● Records contained in a dataset
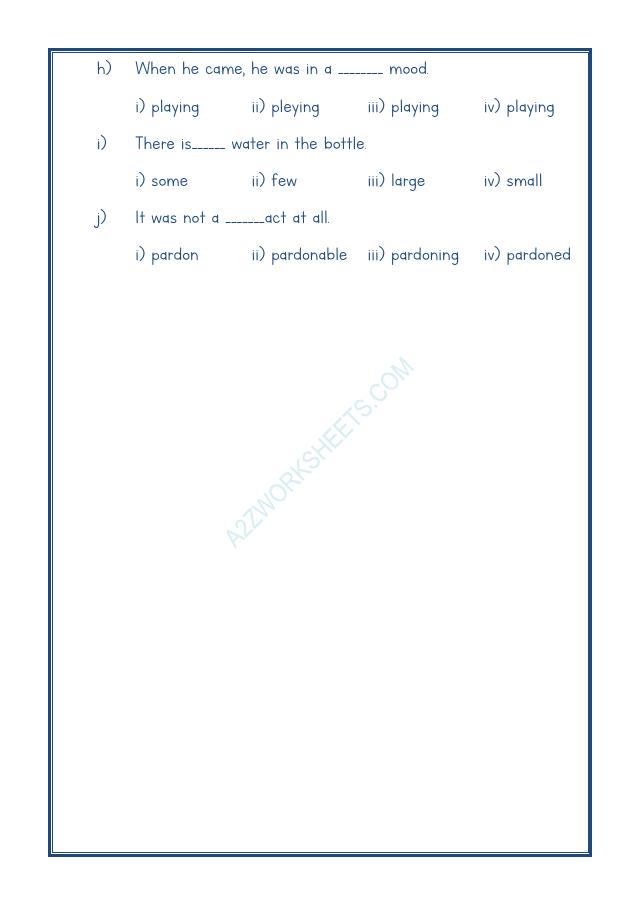 A2ZWorksheets:English-Grammar-English Adjectives Worksheet-11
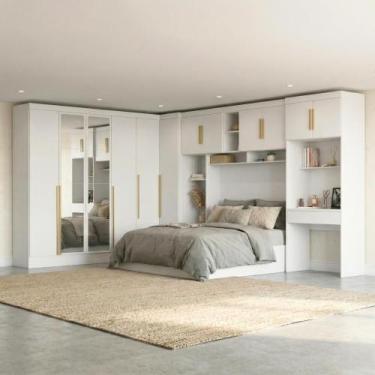 Imagem de Guarda Roupa Casal Modulado 5 Peças 12 Portas com Espelho, Cabeceira e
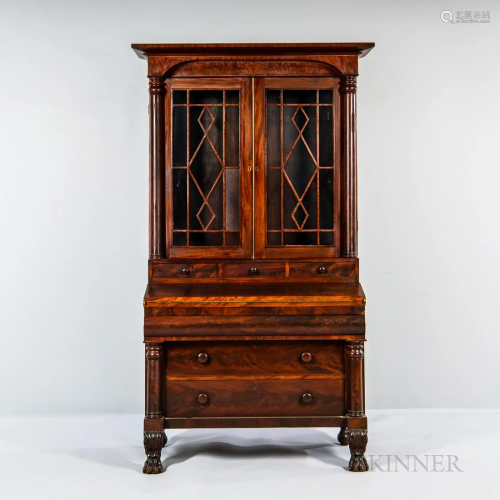 Classical Mahogany Secretary/Bookcase, a molded cornice, gla...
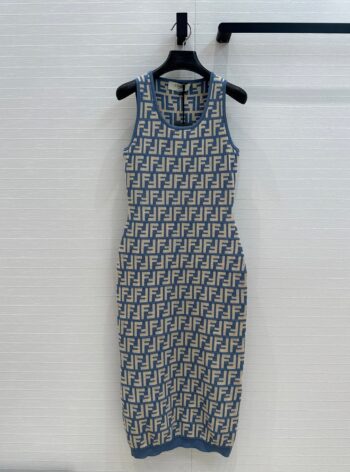 25 New blue double f jacquard slim vest long skirt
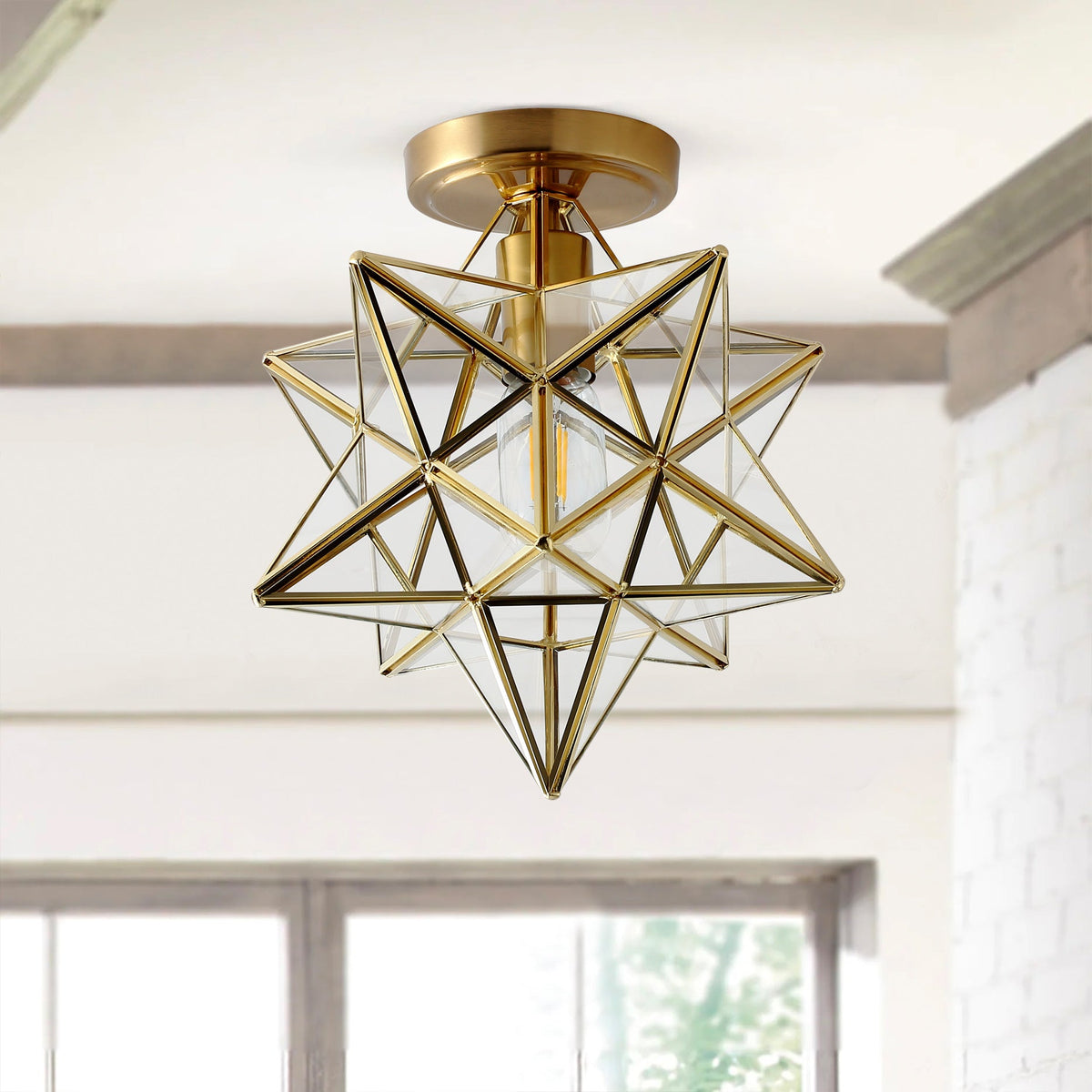 1-Light Geometric Star Semi-Flush Mount Lighting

● Task statement
Repeat word for word the lines starting at the one with "25 New blue" and ending at the final line of the records above, both included; no pictures.

● Response area
 25 New blue double f jacquard slim vest long skirt
 1-Light Geometric Star Semi-Flush Mount Lighting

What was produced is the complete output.